Lok Sabha Speaker Sumitra Mahajan’s tenure as the presiding officer was not supposed to have generated the kind of pyrotechnics it has. For the first time in 30 years, there was a clear parliamentary majority in the Lower House, and an Opposition so decimated that not a single party qualified for the post of Leader of the Opposition. The Speaker of such a House was supposed to rule gently, allow the Opposition its space in debates and restore some of the deference to the Chair that more precariously balanced Lok Sabhas hadn’t in the past.
What is even more surprising is that it happened on the watch of the mild-mannered Ms. Mahajan, so identified with the image of an indulgent but proper elder sister, or Tai , that she has officially adopted it on her official resume.

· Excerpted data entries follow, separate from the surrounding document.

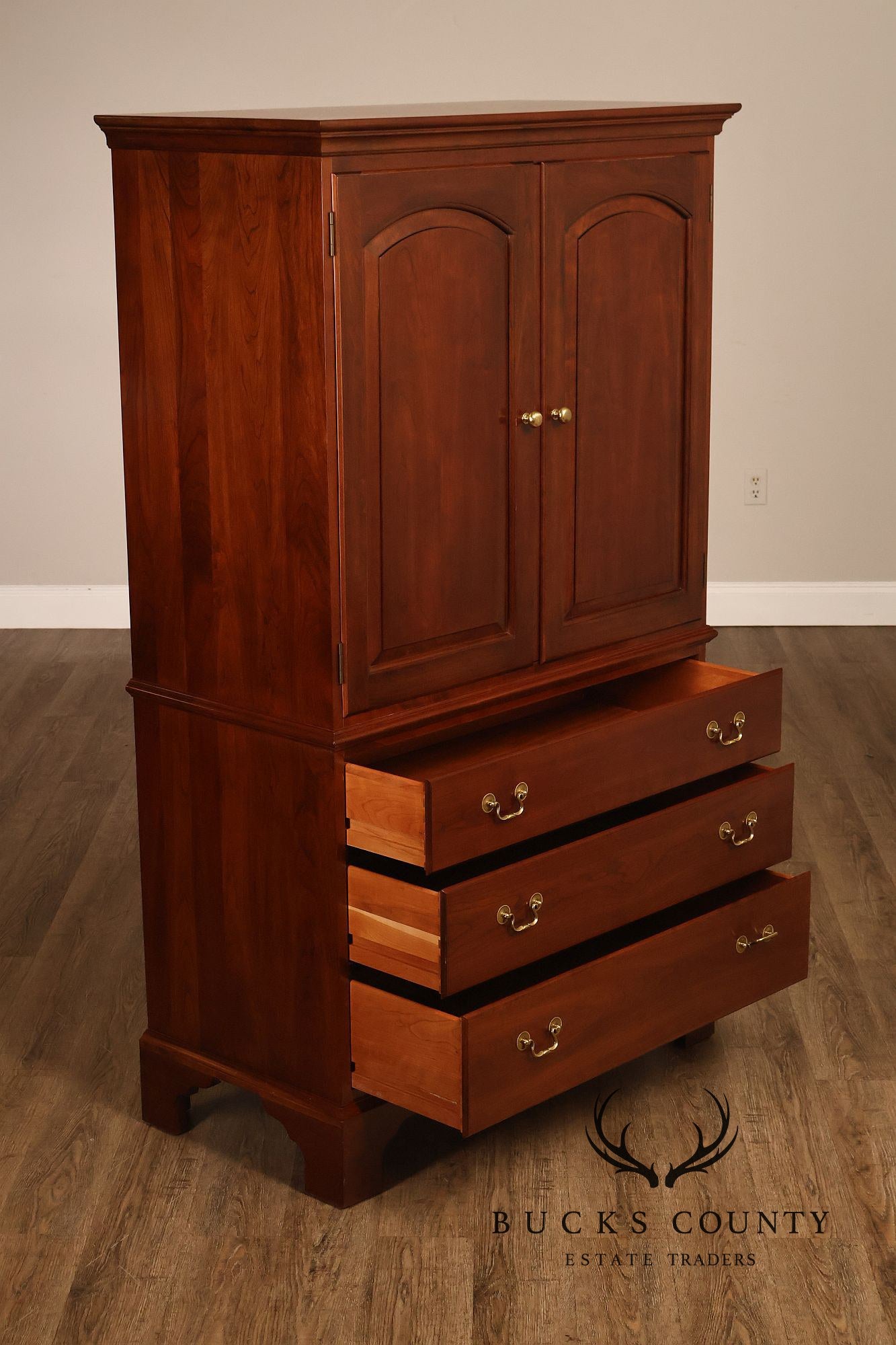 Stickley Traditional Chippendale Style Storage Press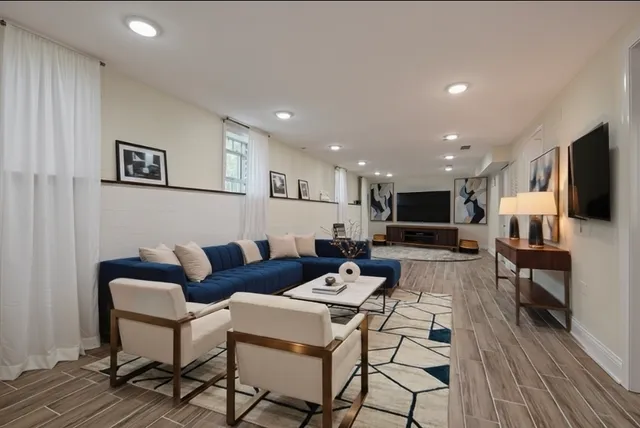 $689,000 | 4656 North Leamington Avenue, Chicago, IL 60630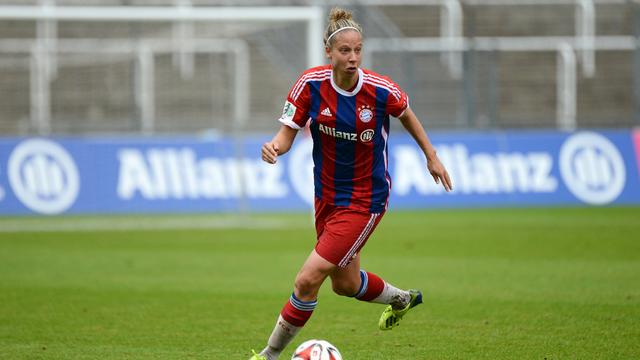 Caroline Abbé fête son premier titre avec le Bayern. [Lauer]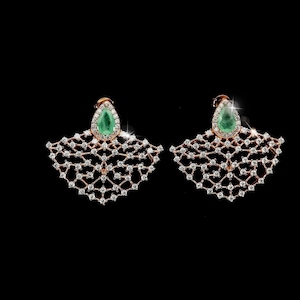 Retro Baroque lace earrings, macramé net with emerald stud earrings made of 925 silver and 24kt gold cubic zirconia, openwork filigree fans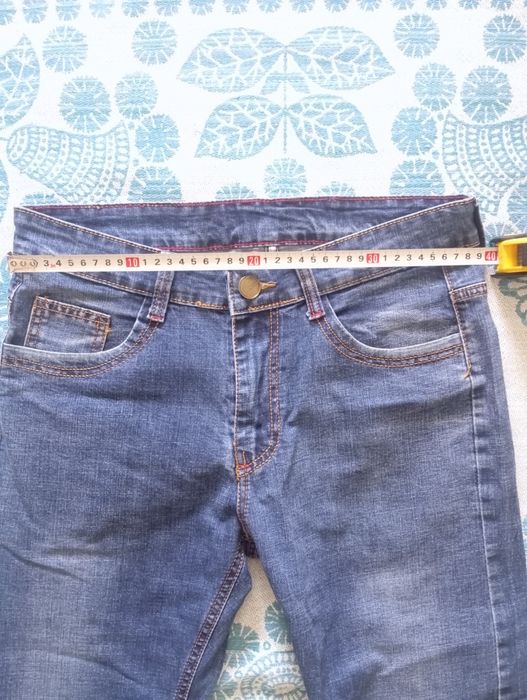 Продам хорошие джинсы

Ms. Mahajan, 71, the woman with the largest number of Lok Sabha victories to her credit, eight in total, was determined to be uncharacteristically confrontationist. A famous story about Ms. Mahajan and other disgruntled Ministers of State in the Vajpayee government goes like this: “It was during Vajpayeeji’s premiership and we were all Ministers of State, but we had no work. Tai organised a tea party for us disgruntled lot; we shared our sorrows, Tai even sang the song mera sundar sapna toot gaya [my beautiful dream has been broken] in a sort of gallows humour to suit the occasion.”
Hardly fits the profile
Sumitra Mahajan quietly built equations with the then BJP president, Kushabhau Thakre, not only to deal with faction fights in the BJP’s Madhya Pradesh unit with the current BJP general secretary Kailash Vijayvargiya, but also to get a separate department of women and child welfare allotted to her under the HRD Ministry. Her actions on Monday hardly fit the non-confrontationist path she has usually adopted in the past.